Note: scroll down if you want to look at the test code.
Setting a 16bit binary number that needs to be viewed in hexadecimal worked well (third row of display in image right).
Although, as the pot has to select one of 256 locations over ~270°, a 45 or 50mm knob would make fine-grain selecting easier.
Setting a 16bit binary number that needs to be viewed in decimal (second row) did not work so well as the upper byte potentiometer affects all five decimal digits.
It is not completely cumbersome:
1, turn the lower pot right down
2, turn the upper pot to its nearest value just below the desired number
3, finish with the lower pot.
But it is not ideal (displaying the number and 255-plus-the-number would speed step 2).
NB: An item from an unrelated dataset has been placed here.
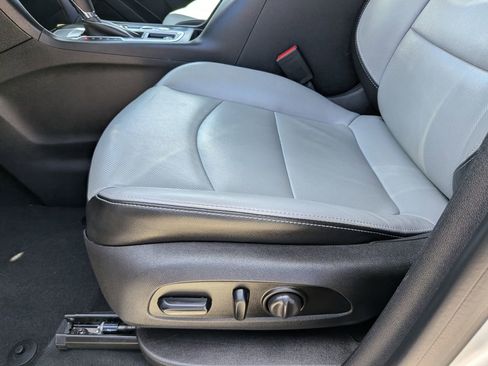 Used 2018 Chevrolet Equinox Premier FWD image 23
Later: yes it did.
Having three pots, each delivering one-in-a-hundred and handling two decimal digits each, would be far better, and only need small diameter knobs (30mm?) as steps would be ~2.5° rather than ~1°. But three pots is tending to madness, maybe? (I might still try it….)
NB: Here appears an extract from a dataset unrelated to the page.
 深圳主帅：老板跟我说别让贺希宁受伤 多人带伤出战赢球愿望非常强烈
Arduino note: After some debugging, I had learned something important about using the I2C LCD library:
Using ‘lcd.print’ left-justifies the displayed numbers, so when over-writing decreasing numbers, a trail of least-significant digits gets left to the right of the displayed number – hence the need to write five blank locations before writing the new numbers in the code below (strictly, it could have been four blanks for the hex number).
A ‘sprintf’ instruction would apparently have the flexibility do away for the need to pre-blank the number’s landing spot. (BTW, sprintf does not work for floating point numbers in Arduino)
The code is listed below
BTW – More for just looking at, as it has got all sorts of hidden odd characters added by WordPress and the ‘wrong’ spaces, so it will not run if you just copy and paste without first cleaning it up. Also, I did edit it a bit without re-testing before I pasted it here. Anyway…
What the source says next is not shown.